On entend le même son de cloche lorsqu’on interroge Menachem Klein, professeur à l’université de Bar-Ilan et ancien « négociateur de paix » pour le gouvernement israélien, proche de la gauche : « La décision de Trump est un véritable bouleversement, elle marque la fin d’un cycle entamé il y a quarante ans lorsque, en 1977, l’Organisation de libération de la Palestine (OLP) s’est tournée vers les États-Unis pour leur demander de servir de médiateur dans le conflit avec Israël. »

 

La droite israélienne est sur la même longueur d’onde, même si elle l’exprime différemment, comme le suggère Emmanuel Navon, politologue, enseignant à l’université de Tel-Aviv et ancien candidat du Likoud aux élections législatives : « Nous savons depuis longtemps que notre capitale est la ville de Jérusalem, donc nous n’avons pas de raison particulière de nous émouvoir de l’annonce de Trump.
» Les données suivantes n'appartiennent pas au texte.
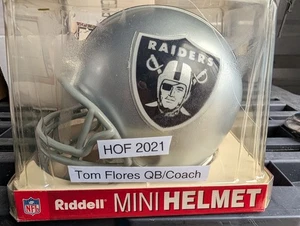 Tom Flores Coach Oakland Raiders signed handsigniert Mini Helm Tristar Coa - Bild 1 von 3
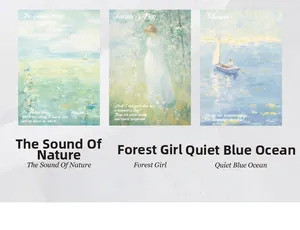 Detailed view of impressionist memo pads featuring nature ocean and forest girl themes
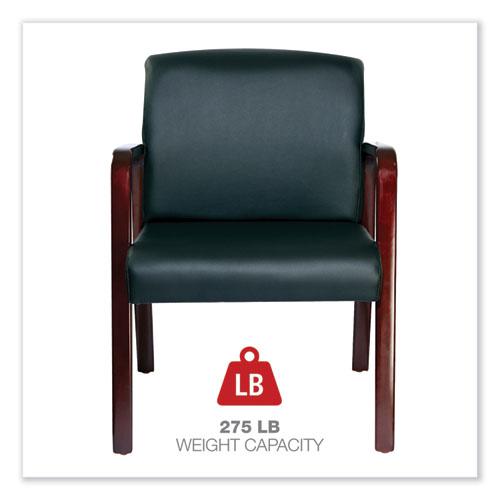 Alera Reception Lounge WL Series Guest Chair, 24.21" x 24.8" x 32.67", Black Seat, Black Back, Mahogany Base. Picture 6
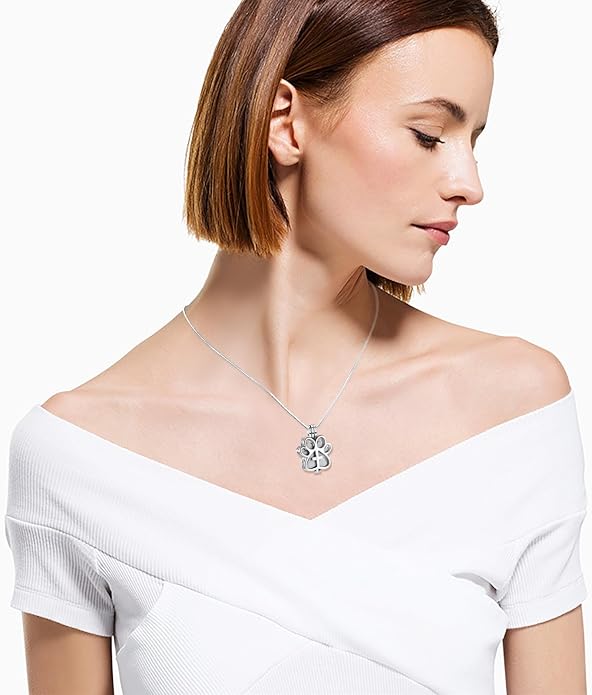 Pet Cremation Jewelry for Dog/Cat Paw Stainless Steel Memorial Locket Urn Necklace with Hollow Urn Cremation Jewelry for Ashes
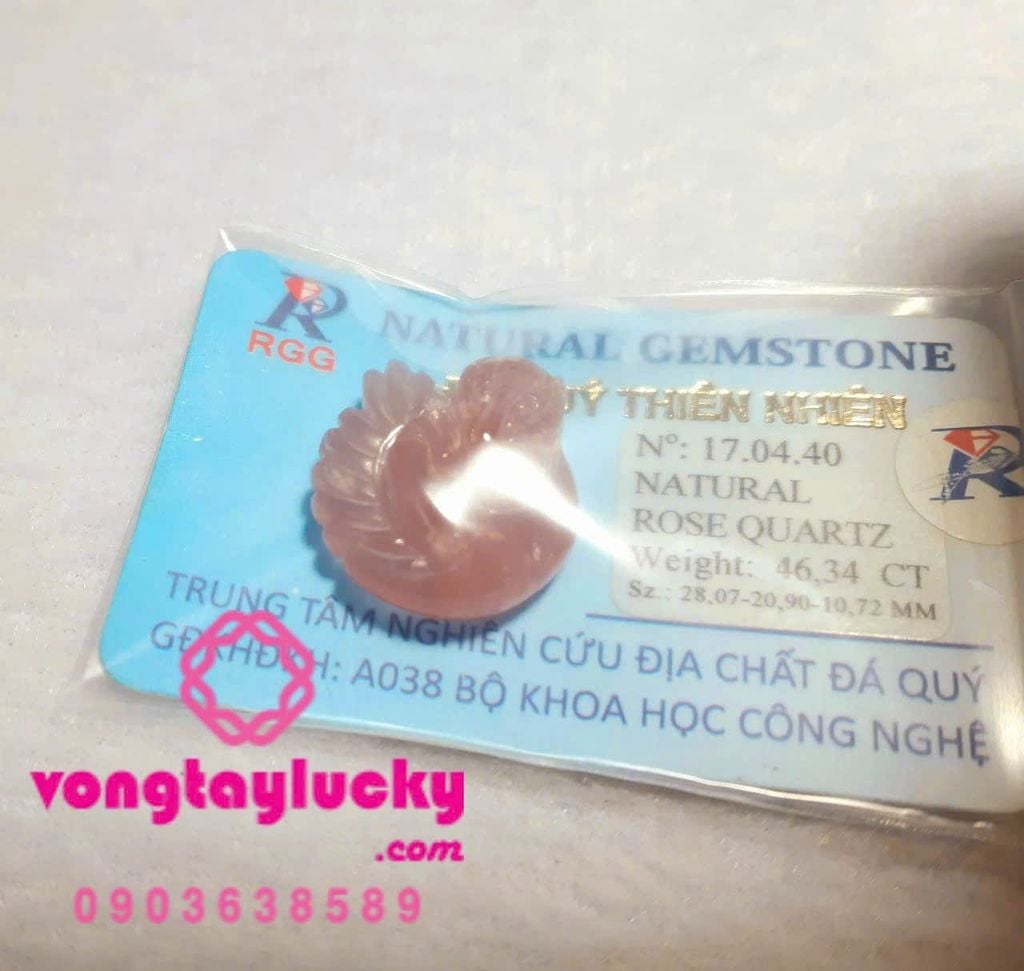 Mặt hồ ly thạch anh hồng Vip 5A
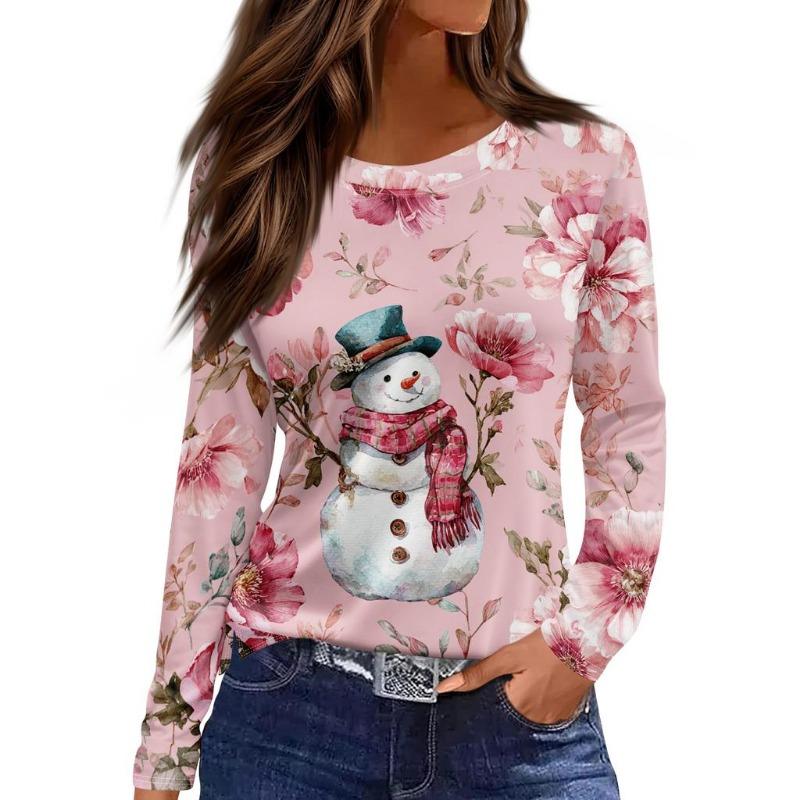 Christmas Limited Edition Women's 3D Floral Snowman Print Round Neck Long Sleeve T-shirt Fashion Casual Long Sleeve Top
Quant à ceux qui disent “Cette décision va déstabiliser la région”, ils ne sont pas sérieux ! Elle est déjà à feu et à sang depuis 2011 ! » Autrement dit, le président des États-Unis a reconnu un état de fait que seuls les aveugles ou les naïfs ne voulaient pas voir.

 

S’il est vrai que, pour Israël, l’attitude de l’administration américaine ne fait que le conforter dans sa politique d’implantation de colonies dans les territoires palestiniens et de séparation via un mur et des contrôles renforcés, validant ainsi quinze années de politiques expansionnistes (sous Ariel Sharon puis Benjamin Netanyahou), elle pose un dilemme singulier pour les Palestiniens. Depuis les accords d’Oslo (1993-95), ces derniers ont vécu dans l’idée qu’ils obtiendraient à terme leur propre État en Cisjordanie et à Gaza. Même si cette ambition ressemblait de plus en plus à une illusion du fait du morcellement territorial organisé par les Israéliens, elle demeurait – et demeure encore – le paradigme principal de l’Autorité palestinienne et de son vieux chef Mahmoud Abbas, âgé de 82 ans.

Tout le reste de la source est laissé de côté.